Only the lines below between the one holding "Maus pa kabllo" and the one holding "Світшот Doomed Bring", inclusive, are to be reproduced word for word; the pictures are to be left out.

(Record extracts):
____________________

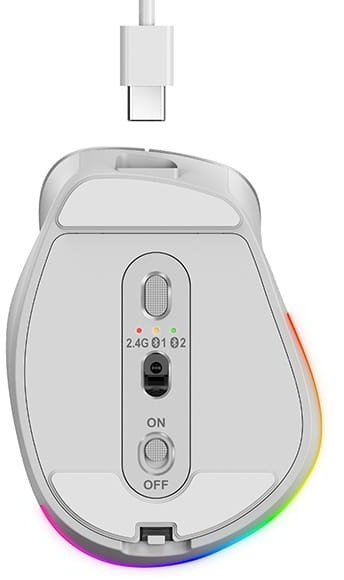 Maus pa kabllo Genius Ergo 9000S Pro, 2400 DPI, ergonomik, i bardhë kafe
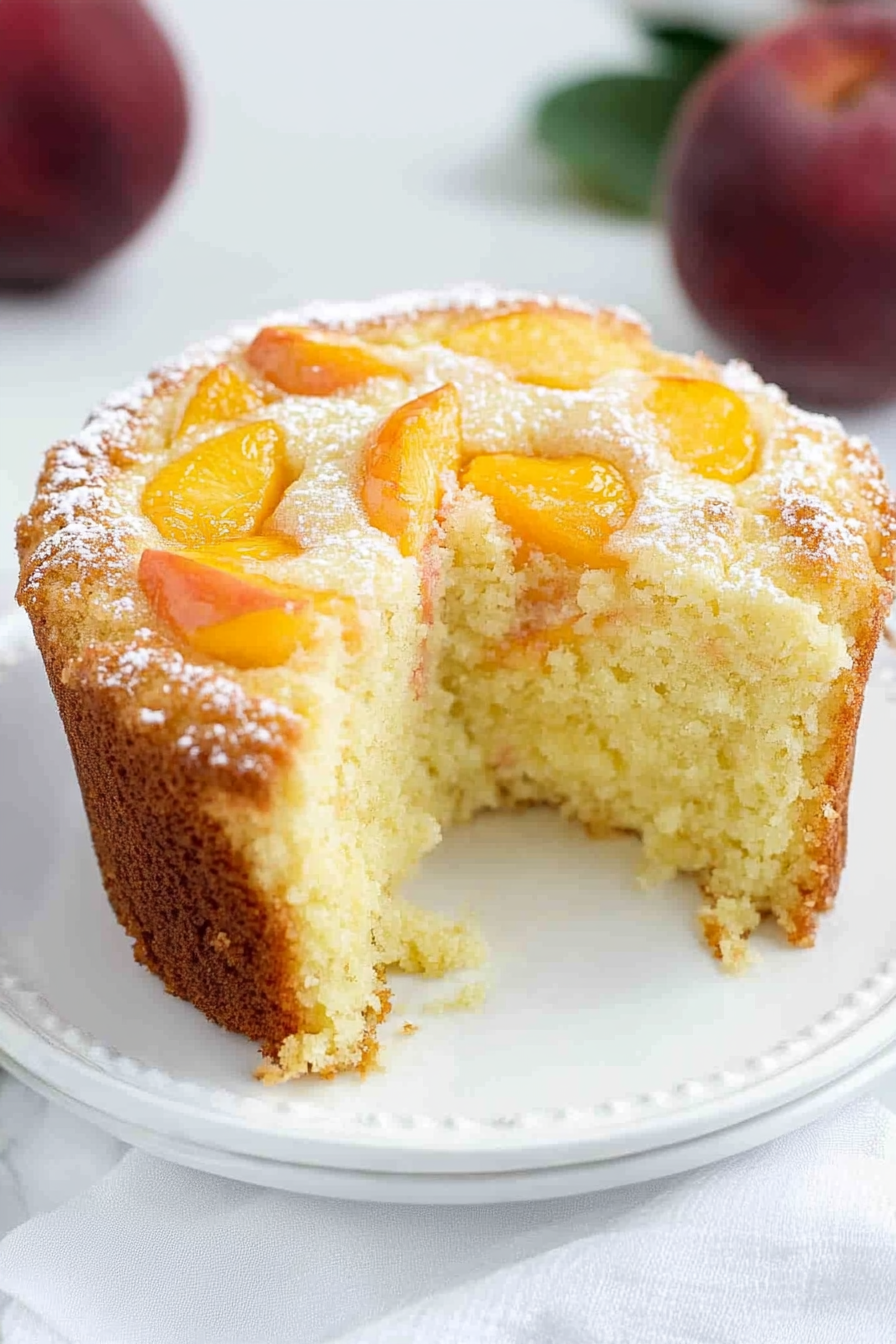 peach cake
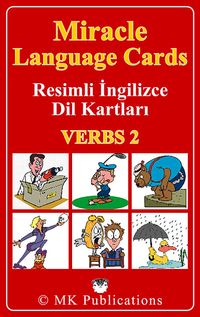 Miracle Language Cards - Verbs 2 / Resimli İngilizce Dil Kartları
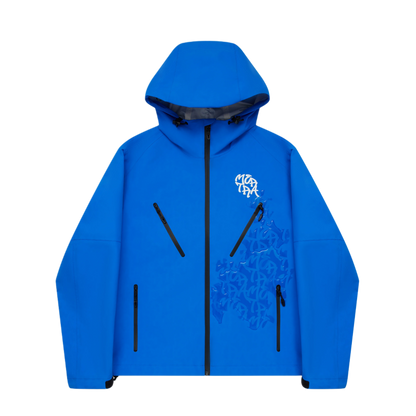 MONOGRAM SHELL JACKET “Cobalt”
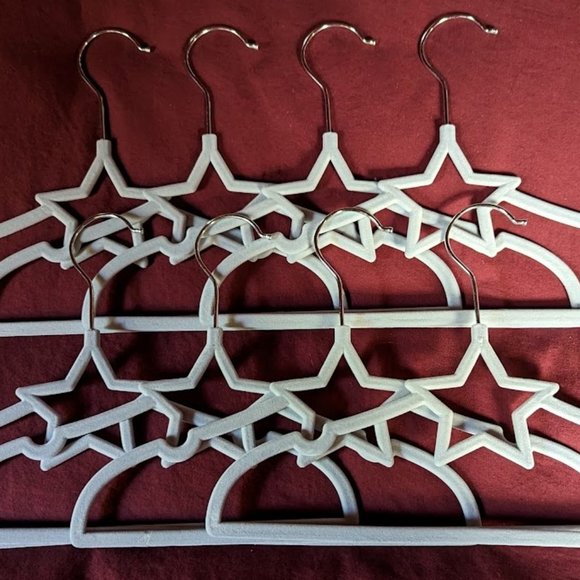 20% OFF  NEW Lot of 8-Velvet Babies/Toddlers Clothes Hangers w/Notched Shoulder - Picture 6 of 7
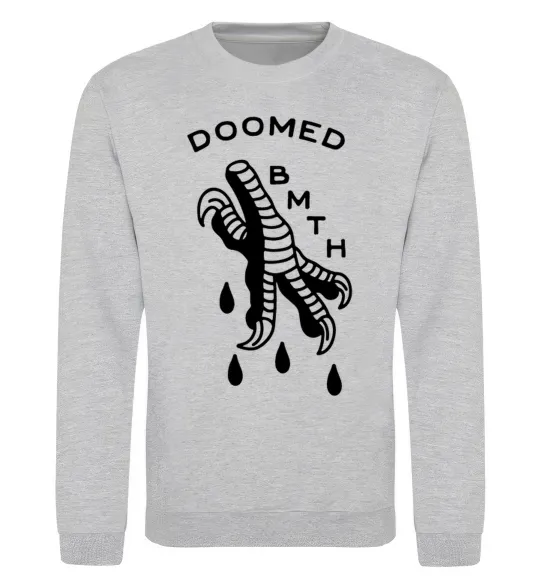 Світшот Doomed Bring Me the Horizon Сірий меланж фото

____________________

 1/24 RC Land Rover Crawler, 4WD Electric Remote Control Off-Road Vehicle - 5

____________________

(Task result):
 Maus pa kabllo Genius Ergo 9000S Pro, 2400 DPI, ergonomik, i bardhë kafe
 peach cake
 Miracle Language Cards - Verbs 2 / Resimli İngilizce Dil Kartları
 MONOGRAM SHELL JACKET “Cobalt”
 20% OFF  NEW Lot of 8-Velvet Babies/Toddlers Clothes Hangers w/Notched Shoulder - Picture 6 of 7
 Світшот Doomed Bring Me the Horizon Сірий меланж фото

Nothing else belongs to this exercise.